Editor: When I got home from vacation my C&P phone bill was waiting. Included in the bill was a note outlining the ''Universal Service Fee.'' This fee is to provide operators who will assist deaf customers to place a call. This service will cost each customer an additional 45 cents per month per line.
A little bit of quick arithmetic -- assuming there are 1,500,000 phone lines in Maryland, this new fee will generate $675,000 each month, or enough to pay for more than 200 operators at $3,000 per month, or 400 at $1,500 per month.
Where is the state, or the phone company, going to put all these people? How many deaf people will be able to use this system? The whole thing should simply have been listed as another tax.
Incidentally, this same service now being introduced in Florida will cost 5 cents per line per month.
Editor: It was at a public meeting with County Executive Roger B. Hayden on Feb. 11 that the question of part-time county employees and their compensation was raised. At that time my knowledge of the employment practices and benefits was limited compared to what is revealed in the coverage by Michael K. Burns' "39-hour workers help Balto. Co. meets its budget," The Sun, Aug. 19.
We know that Baltimore County government is in a tight budgetary squeeze and that the workers are fortunate to have jobs in this period of high unemployment and underemployment. But the problems cited in the article are systemic and accumulative.
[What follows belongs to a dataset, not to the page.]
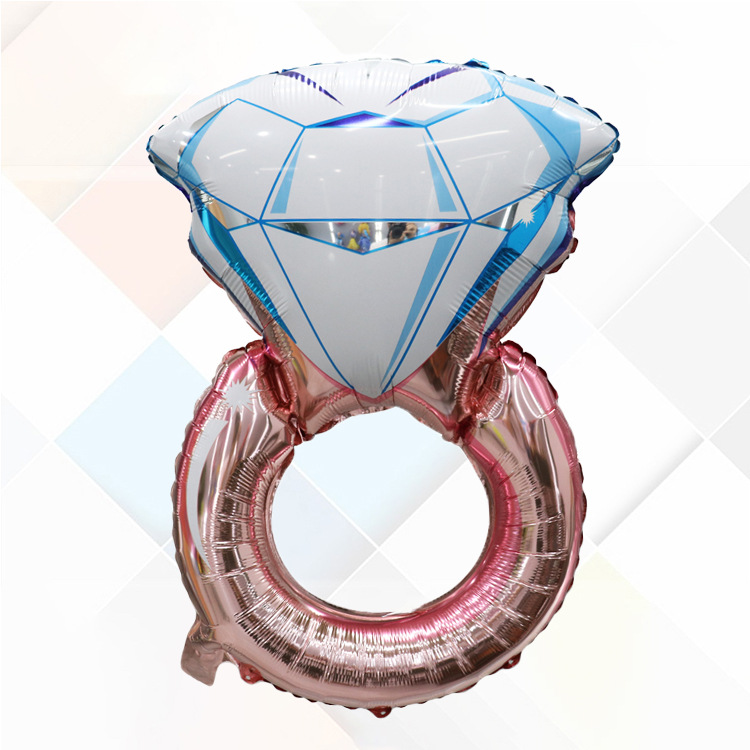 新款玫瑰金钻戒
What is revealed is only a tip of the iceberg. It is a part of the whole problem of fairness in county government employment practices. This particular problem relates to the gender and racially skewed pattern of county employment by departments and occupational distributions within departments. What patterns are revealed by the distribution of the part-time employees as compared with full-time employees?
The county's relationship with part-time workers as described in The Sun's article can only be characterized as inconsistent, exploitative and discriminatory.
It is urgently and strongly suggested that the Baltimore County Council and the county executive undertake a review, if not under way, of part-time employment, compensation and benefit structures. On the surface, I readily see a number of concerns that can be addressed without a strain on the budget. For example, inclusion of part-time workers in the grievance procedures, consistency in employment practices among county agencies, and consistency in job classification assignments.
In short, whatever the county's budgetary situation, this issue must be given attention and resolved. Satisfied workers are productive workers.
Herbert H. Lindsey.
Editor: ''Friendly fire.'' This oxymoron was used at least 15 times in a recent front-page article,
Who in the Pentagon coined this phrase? Does he really consider it an appropriate term for the death and injury we caused to our own troops? Does it make the facts a little less grim because the fire was ''friendly''? That even though they were casualties, they were not casualties of the enemy?
Surely there is a more appropriate way to define this most recent horror of that war.
Idell M. Purcell.
Editor: This is in reference to the Aug. 11 article on jaywalkers. I walk several miles a day in the University Parkway-Roland Park corridor. I have come to the conclusion that walk lights are a hazard; they lull the pedestrian into a false sense of security.
Cars turning right rarely give the pedestrian the right of way (as they do in Washington); at several corners, green lights give turning cars the right of way there by counteracting the walk signal of the crossing. Walk lights never allow time to cross a street, especially nowadays that cars keep going after the light turns red.
Crossing in the middle of the street sometimes is the safest solution. It gives the pedestrian a view of traffic moving in a straight line so that a break in the flow is free of the chance of a car coming around the corner at high speed.
Rhoda P. Steinman.
Bills in the Tale Don't Stack Up
Editor: In a letter published Aug. 10, a writer shows that the national debt, as a stack of $1 bills, would reach one-and-one-half times to the Moon.
Unfortunately, a previous Sun article, quoted in the letter, seems to have cited a "billion" as a numeral having 12 zeros, while the referenced letter equates "a billion dollars" to "the price of a modern-day bomber."
These statements are not correctly joined, because the 12-zero "billion" (i.e., a million-million) is the usage of Europe, while the U.S. "billion" is a thousand-million, or nine-zeros.
Never-mind how this happened; it is so. The confusion is enough that U.S. reporting of Europeans' data in their "billion" commonly clarifies their data as "in U.S. trillions," etc.